Her post, called Lonely Together, discusses a little bit of what it means to feel lonely, and how common that sensation is for many people, even when we're in a crowd (she's reacting to a piece on loneliness in Discipleship Journal).
I had a good conversation with a friend about this very thing last weekend, which prompted me to go back to journals of a couple years ago when I was feeling a particularly acute sense of loneliness. So it's fresh in my mind.
Read all the way to the end; it's the last two paragraphs that struck me ... and encouraged me.
Well, no, wait, I think I'll copy her two final paragraphs, because they're just that good:
I appreciated the candor of these pieces, even as I detected some of the underlying causes for loneliness evident in these pieces: among them, comparison, social inertia, and projecting into the future (impossible for finite creatures to do accurately, anyway). These habits never bear fruit. They just stir up sin. And sin separates. But sometimes there's an underlying assumption that God couldn't possibly have anything good or redemptive for us in these moments. What if God designed loneliness to remind us that we are not home here? What if He allows social isolation so that we turn to Him for relief? And what if He commands loneliness so that from out of it, new empathy for others overflows? Would we stop to think about other people if our social calendars were already jammed?

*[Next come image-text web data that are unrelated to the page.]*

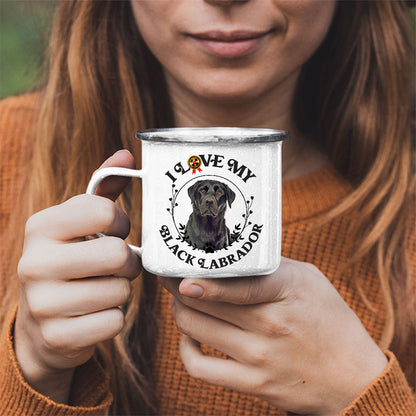 Enamel Mug, Camping Cups, Campfire Mugs, Enamel Coffee Mug, Metal Camping Mugs, Dog Lover Gifts,  Love My Black Labrador - Mug Project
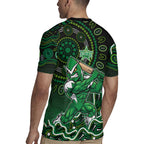 Melbourne Stars Cricket Mascot Rugby Jersey Aboriginal Dot Art Green And Black Tribal Pattern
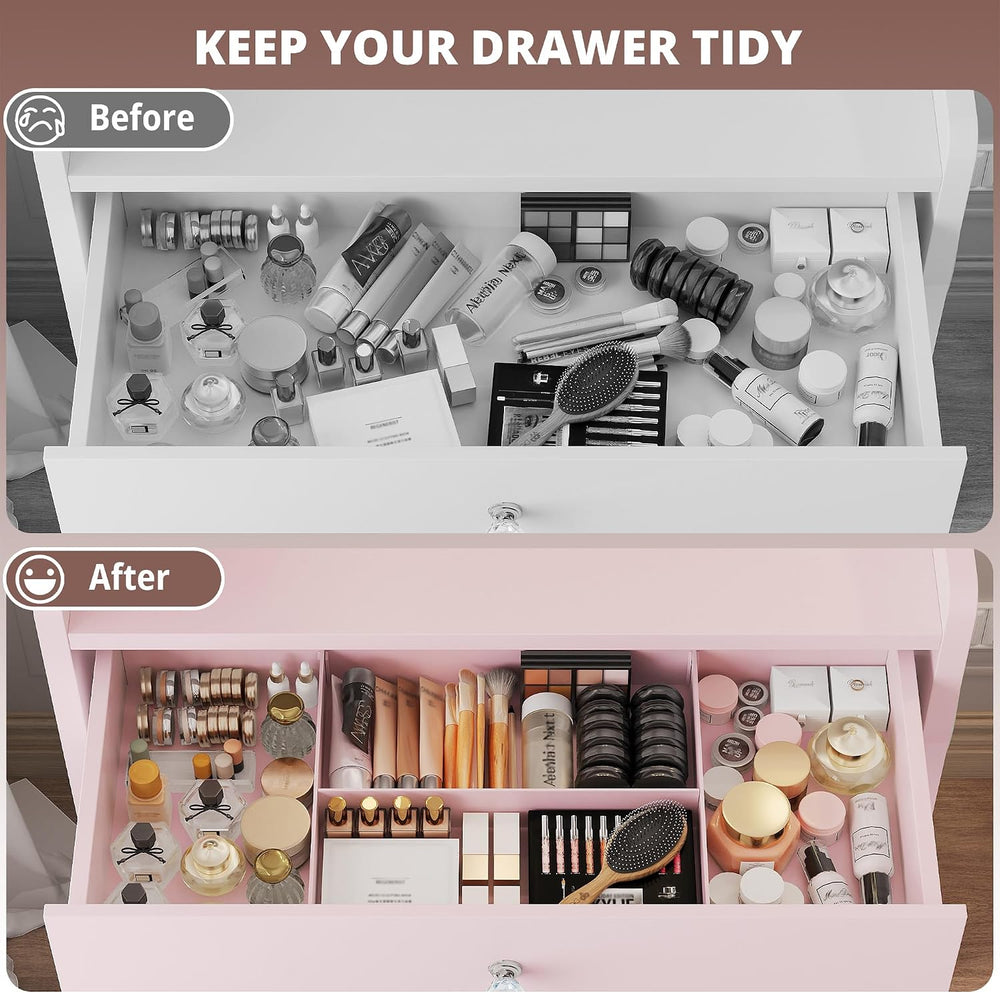 LIKIMIO Small Vanity Desk with Mirror Lights and Storage Stool, Pink | Vanity...
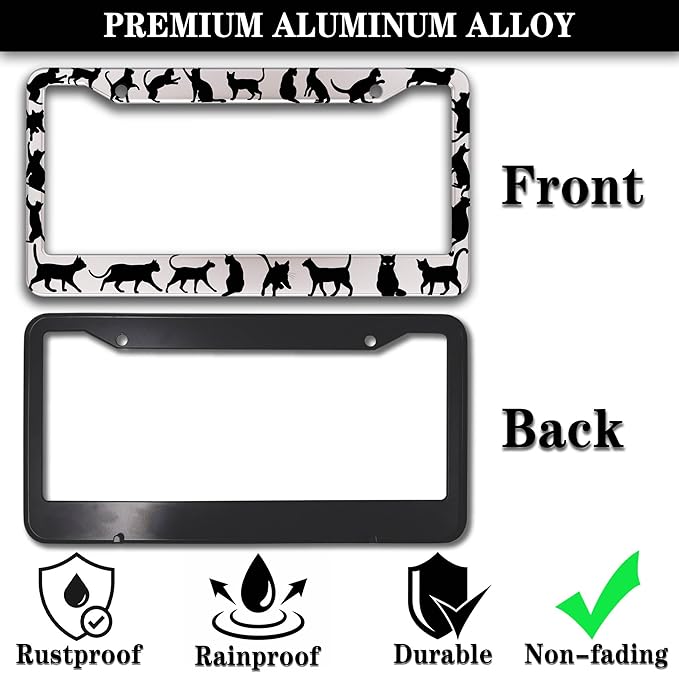 License Plate Frames for Women Black and White License Plate Frame for Men Black Cat Aluminum Metal Car Accessory 2 Pack with Screw Covers Set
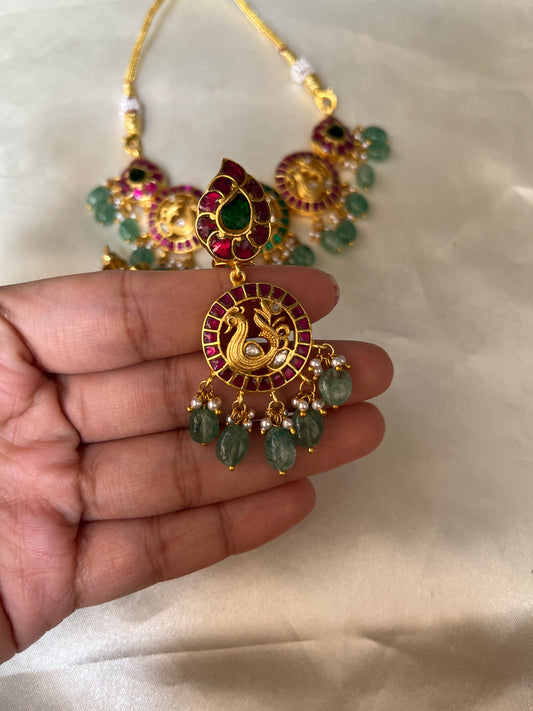 Jadau peacock pendants choker- ( Pre order)
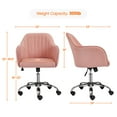 thumbnail image 4 of Yaheetech Modern Velvet Height-Adjustable Task Chairs with Armrests, Pink, 4 of 9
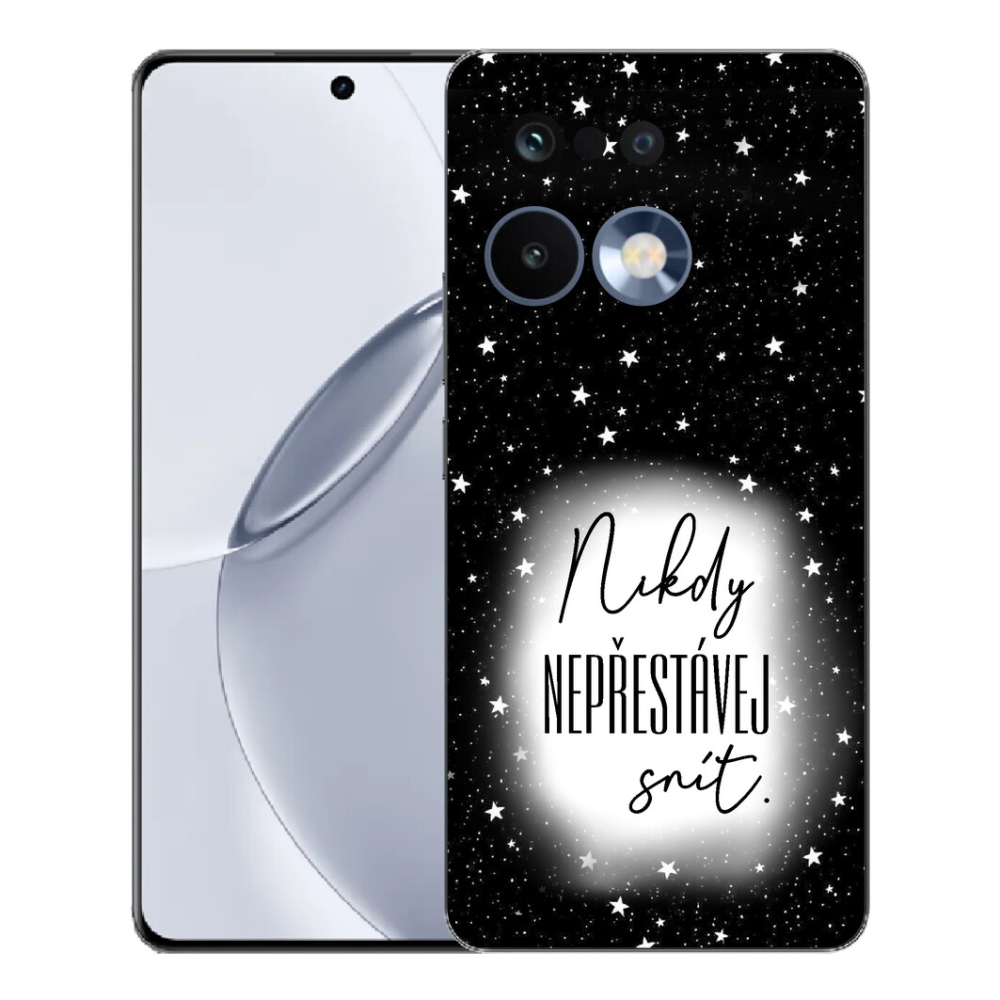 Gelový kryt mmCase na Realme 16 Pro+ - citát 1 bíločerné pozadí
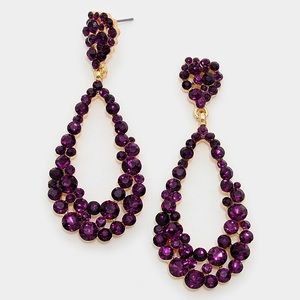 Teardrop Cut Out Rhinestone Evening Earrings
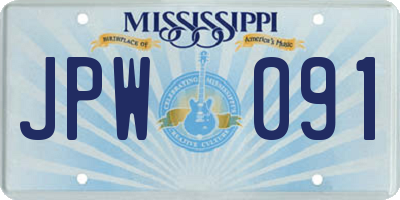 MS license plate JPW091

I know someone who has endured far more loneliness than I ever will--and He did it to rescue me. Jesus was forsaken by friends and disciples alike, separated from the trinitarian community He had known since eternity past, and in physical misery and torturous pain when He cried out from the cross, "My God, my God, why have you forsaken me?" His loneliness I will never know, but His joy I do know in part now and will know even more in the new heavens and new earth. Therefore, if loneliness keeps me from seeking my full satisfacton and my treasure here, it becomes a precious burden.